What is needed
Take the lines below from the one with "There we go." through the one with "You can see" and print only them, exactly. Don't print the pictures.
-*-
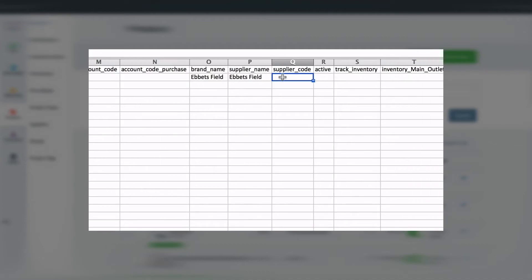Next up, we can add our brand name and supplier name. In this case, the brand and the supplier are both Ebbets Fields. If our supplier needed a specific code, I can include that here as well. Otherwise, they will see the SKU information when we order with them.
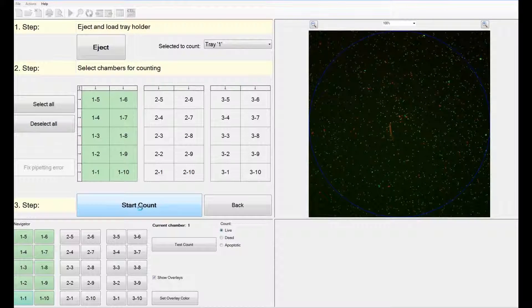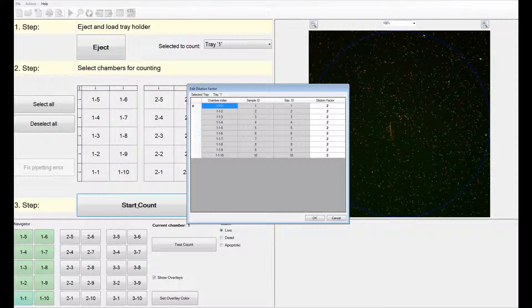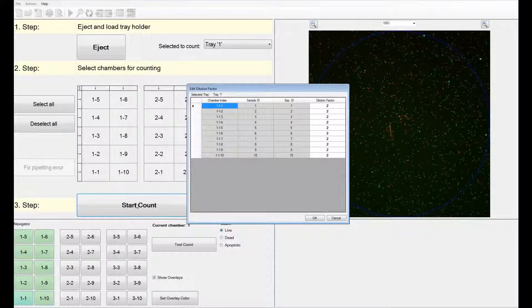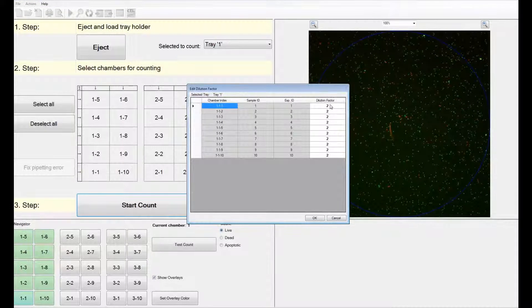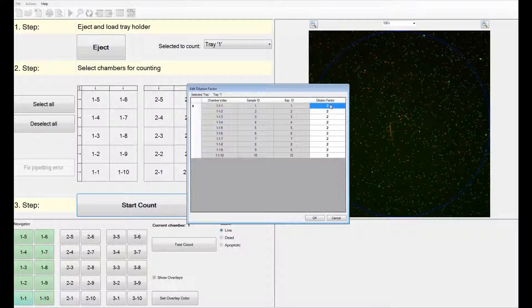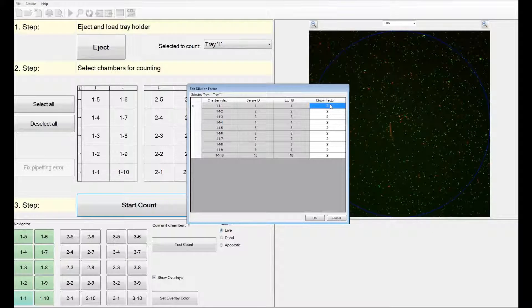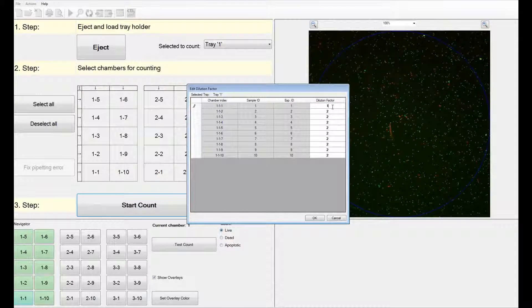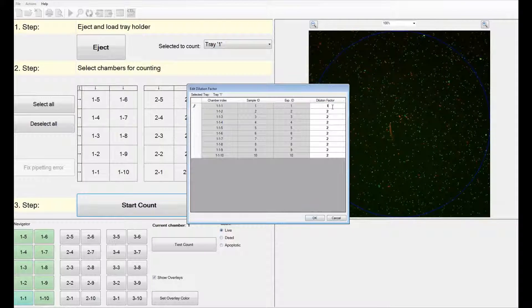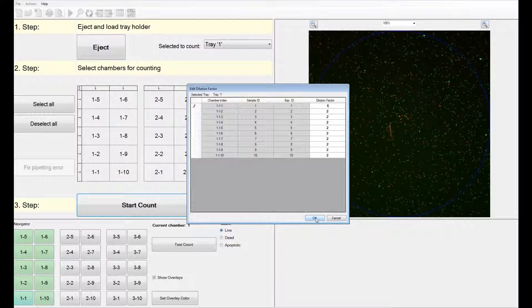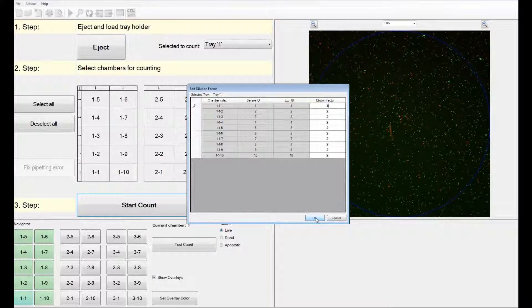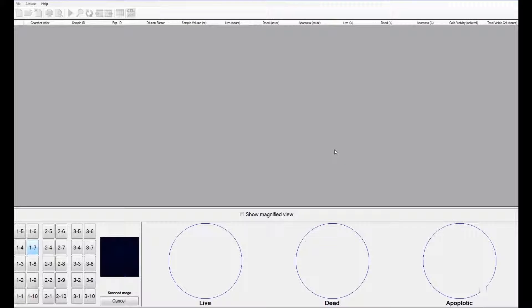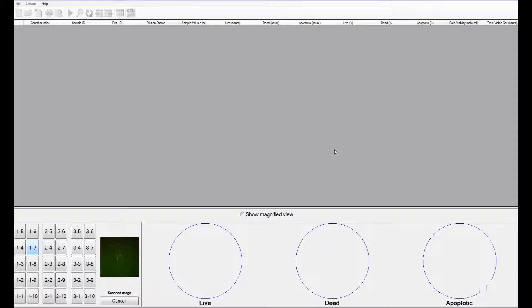At this point, you can say start count and get started. If you would like to make a change to the dilution factor, you can do so at this time. Once you have made sure that everything you entered was correct, you can say OK and let the software do the rest of the work for you.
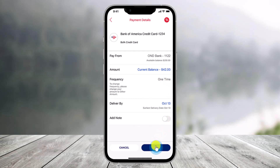And that's all it takes to go ahead and pay credit card bills using Bank of America. We hope the video was really helpful, and if it did help you, make sure to leave a like and subscribe to our channel. If you have any more questions, feel free to leave them down below. Thank you very much for watching and see you in the next video.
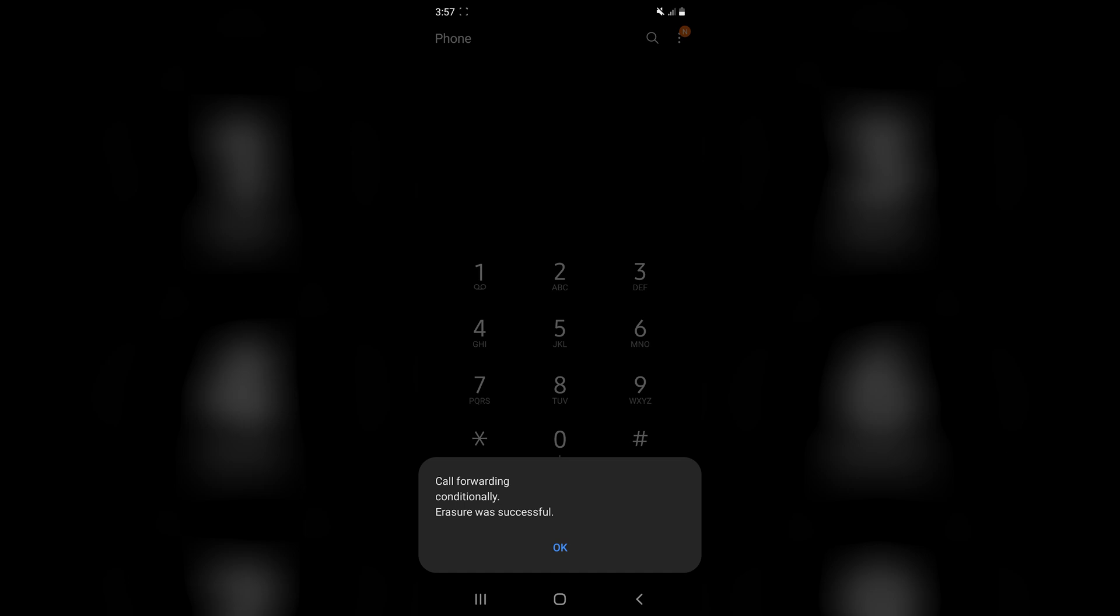There we go. Now it says call forwarding erasure was successful, but that doesn't necessarily mean it successfully turned off my voicemail. So at this point, I would test that it worked correctly by calling my phone from someone else's device.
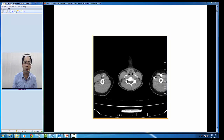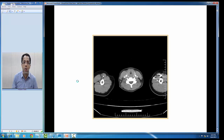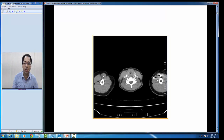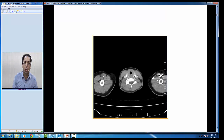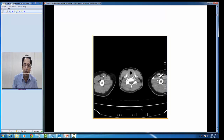You can see the cervical vertebra, larynx, common carotid artery, and the internal jugular veins, and this is the sternocleidomastoid muscle. As we go further down, we are able to appreciate the common carotid artery, internal jugular vein, and the sternocleidomastoid muscles.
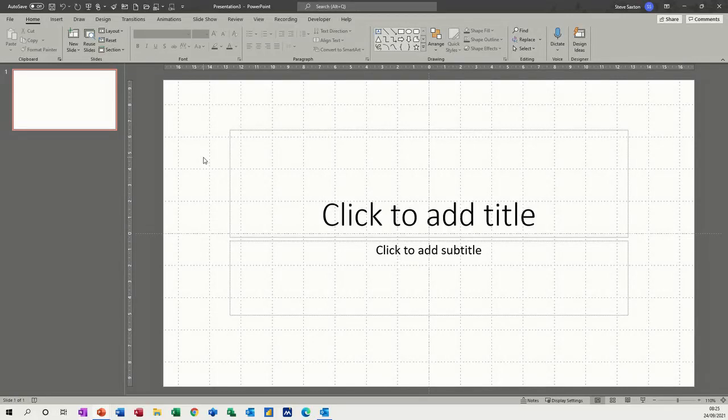Hi guys, welcome to this session on Microsoft PowerPoint. In this module I want to have a look at an animation feature called custom paths.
-*-
Task output
There we go. Now it says call forwarding erasure was successful, but that doesn't necessarily mean it successfully turned off my voicemail. So at this point, I would test that it worked correctly by calling my phone from someone else's device.
You can see the cervical vertebra, larynx, common carotid artery, and the internal jugular veins, and this is the sternocleidomastoid muscle. As we go further down, we are able to appreciate the common carotid artery, internal jugular vein, and the sternocleidomastoid muscles.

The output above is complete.